Comer con el cerebro
El acto de comer es puramente sensorial porque todos los sentidos trabajan para degustar el plato. Es importante cocinar con dedicación y amor el plato que compartiremos en familia o entre amigos, porque la mente no perdona.
Las neuronas del cerebro archivan olores, sabores y colores, como bien lo explica el psicólogo Ignacio Morgado: "El conocimiento que tenemos del mundo depende del cerebro, que filtra la información que recibe, la procesa y la hace consciente a su modo".
Por lo tanto, esos olores, sabores y colores no son más que construcciones que nuestra mente ha elaborado a partir de experiencias sensoriales. Entonces, ¿comemos más con el cerebro que con la boca? Por supuesto que sí.
El acto de comer es un acto puramente sensorial porque todos los sentidos trabajan para degustar el plato que tenemos frente. Primero, la vista. Estudios confirman que un alimento es más apetecible si está dispuesto de determinada manera y no de otra. Incluso, algunos investigadores fueron más allá y lograron demostrar que los utensilios que se emplean para presentar la comida también influyen en el modo en que percibimos aquello que comemos.
Por ejemplo, se ha demostrado que las frutillas resultan más dulces si se sirven en vajilla blanca.
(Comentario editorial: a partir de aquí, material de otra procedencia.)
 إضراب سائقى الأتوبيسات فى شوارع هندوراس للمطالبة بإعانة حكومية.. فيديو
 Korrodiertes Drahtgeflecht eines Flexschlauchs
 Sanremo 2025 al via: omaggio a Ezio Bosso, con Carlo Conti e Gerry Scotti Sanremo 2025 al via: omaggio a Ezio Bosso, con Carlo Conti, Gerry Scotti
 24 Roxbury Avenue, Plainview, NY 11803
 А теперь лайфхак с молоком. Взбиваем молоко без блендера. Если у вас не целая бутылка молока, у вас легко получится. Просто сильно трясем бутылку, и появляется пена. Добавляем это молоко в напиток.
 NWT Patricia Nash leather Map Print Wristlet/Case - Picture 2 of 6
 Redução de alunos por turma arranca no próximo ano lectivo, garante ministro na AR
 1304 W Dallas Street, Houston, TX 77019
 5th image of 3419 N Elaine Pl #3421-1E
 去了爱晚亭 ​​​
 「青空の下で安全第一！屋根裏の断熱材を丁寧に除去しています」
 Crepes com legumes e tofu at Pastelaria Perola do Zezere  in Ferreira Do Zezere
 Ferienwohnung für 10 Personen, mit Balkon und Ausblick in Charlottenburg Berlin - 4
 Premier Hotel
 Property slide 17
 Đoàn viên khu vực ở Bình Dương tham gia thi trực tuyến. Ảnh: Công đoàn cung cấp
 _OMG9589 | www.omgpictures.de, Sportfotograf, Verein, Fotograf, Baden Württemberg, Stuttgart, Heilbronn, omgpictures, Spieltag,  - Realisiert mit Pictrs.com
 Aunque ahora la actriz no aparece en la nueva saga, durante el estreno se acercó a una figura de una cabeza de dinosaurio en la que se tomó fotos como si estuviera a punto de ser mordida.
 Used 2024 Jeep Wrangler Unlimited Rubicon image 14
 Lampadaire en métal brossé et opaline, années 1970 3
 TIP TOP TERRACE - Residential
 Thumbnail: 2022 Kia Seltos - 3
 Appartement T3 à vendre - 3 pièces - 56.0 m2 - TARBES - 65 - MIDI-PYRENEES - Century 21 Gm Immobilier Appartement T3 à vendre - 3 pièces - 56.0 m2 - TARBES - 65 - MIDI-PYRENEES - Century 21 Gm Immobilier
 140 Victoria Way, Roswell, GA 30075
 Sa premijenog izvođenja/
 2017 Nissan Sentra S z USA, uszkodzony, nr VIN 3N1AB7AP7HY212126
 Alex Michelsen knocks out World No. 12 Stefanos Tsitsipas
Segundo, el olfato. Es el más importante porque confirma lo que la vista ha percibido, discrimina (es decir, determina si un alimento es apto o no para el consumo) y otorga emociones. Tercero, el gusto, que certifica si lo que ha percibido el olfato es correcto o no.
La lengua registra cinco gustos: salado, dulce, amargo, agrio y umami (starchy, en inglés). El término umami proviene del japonés y significa "delicioso, sabroso", pero identificaría el gusto a almidón de algunas comidas.
Cuarto, el tacto, especialmente si comemos con las manos. Y quinto, el oído, que verifica lo que sucede dentro de la boca, el ruido de la masticación y deglución de los alimentos. Ahora bien, se dice que las experiencias vividas activan el cerebro para que reconozca un aroma, un sabor o un color de algo que ya comimos y disfrutamos, o no, en los peores casos.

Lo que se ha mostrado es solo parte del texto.